Gender-Trouble à la Suisse
Kim de l’Horizon bringt in dem Roman „Blutbuch“, der eigentlich kein Roman ist, sondern eher eine geniale Zumutung, erklärtermaßen lauter Mütter zur Welt und demonstriert, dass sich queer zwar leben, aber kaum beschreiben lässt
Von Nora Eckert
Besprochene Bücher / LiteraturhinweiseAutofiktionales steht hoch im Kurs – wie überhaupt alles Biografische und Autobiografische als literarische Suche und Antwort auf unser Herkommen und unsere Befindlichkeiten, als Nabelschau und Selbstentblößung. Woher kommt das? Aus unserer kulturellen Hochachtung für Individualität, dem Hohelied auf das selbstbestimmte Ich trotz aller generativen Verbindlichkeiten? Warum sind Familiengeschichten so en vogue und die Ich-Sager fast zum literarischen Normalfall geworden?
Gerade erst hat eine Autorin den Literaturnobelpreis zugesprochen bekommen, die das soziologische Schreiben in Perfektion betreibt – Annie Ernaux. In einem Kommentar las ich, es sei unzutreffend, ihr Schreiben als autofiktional zu bezeichnen, denn in Wahrheit entfiktionalisiere sie das, worüber sie schreibt. Im Übrigen schreibe sie über sich in der dritten Person, denn das Ich von heute war schließlich nicht bei dem dabei, was damals geschah. Das sei ein anderes Ich gewesen. Was freilich nichts an unserem scheinbar unbezähmbaren Trieb ändert, gerade über unsere Verwurzelungen wie über die Relativität des Ichs zu schreiben.
Der hier zu besprechende Roman Blutbuch ist dafür ein Beispiel.
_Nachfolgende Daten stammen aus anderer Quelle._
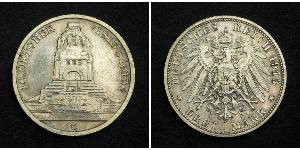 3 Mark Königreich Sachsen (1806 - 1918) Silber 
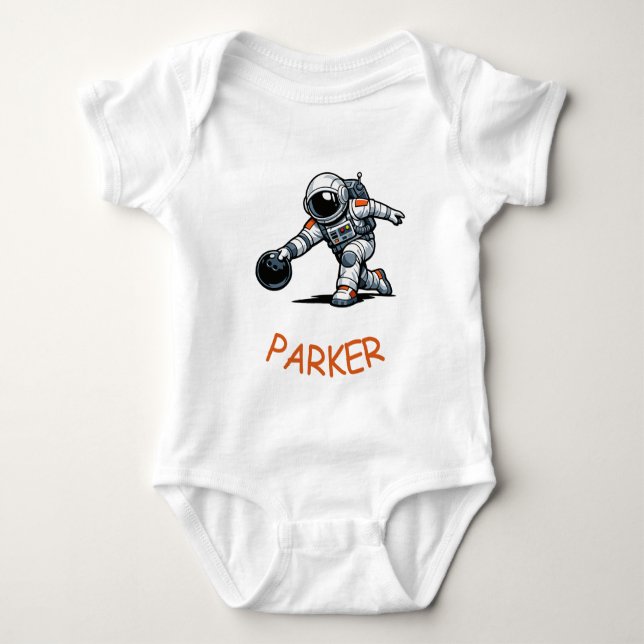 Body Para Bebé Boliche de Astronauta (Anverso)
Schwer zu sagen, wie es in Unkenntnis der persönlichen Fakten darin um die Fiktionalisierung beziehungsweise um ihr Gegenteil steht. Unverkennbar jedoch pflegt Kim einen ausgeprägten Hang fürs Mythische, verbunden mit dem Bewusstsein, dass jede Familien- und Stammbaumforschung letztendlich auch den Blut-und-Boden-Mythos in sich trägt. Dem Unterhaltungswert tut dies freilich keinen Abbruch – so wenig wie in anderen literarischen Fällen. Da die Person, die Blutbuch schrieb, sich offenbar als nicht-binär definiert und mich als Leserin aber nicht ihr Pronomen wissen lässt, werde ich in dieser Besprechung genderneutral nur von Kim sprechen.
„Für meine Meere“ lautet die Widmung, übersetzt „Für meine Mütter“, denn Meer ist im Berndeutschen die Abwandlung des Französischen Mère – was zugleich an das Ozeanische denken lässt, nämlich an la mer. Gemeint sind Kims Mutter und Großmutter. „Ich bringe meine Mütter zur Welt“, heißt es an einer Stelle. Vor allem Letztere spielt eine eminent wichtige Rolle, und ebenso zentral ist dazwischen und daneben Kims Queerness, die in den Erinnerungen an Grossmeer und an die eigene Kindheit und Jugend zu einer dicht verwobenen Erklärung für das von Anfang an immer schon vorhandene Anderssein wächst. Denn auch das Queer-Sein besitzt eine Geschichte.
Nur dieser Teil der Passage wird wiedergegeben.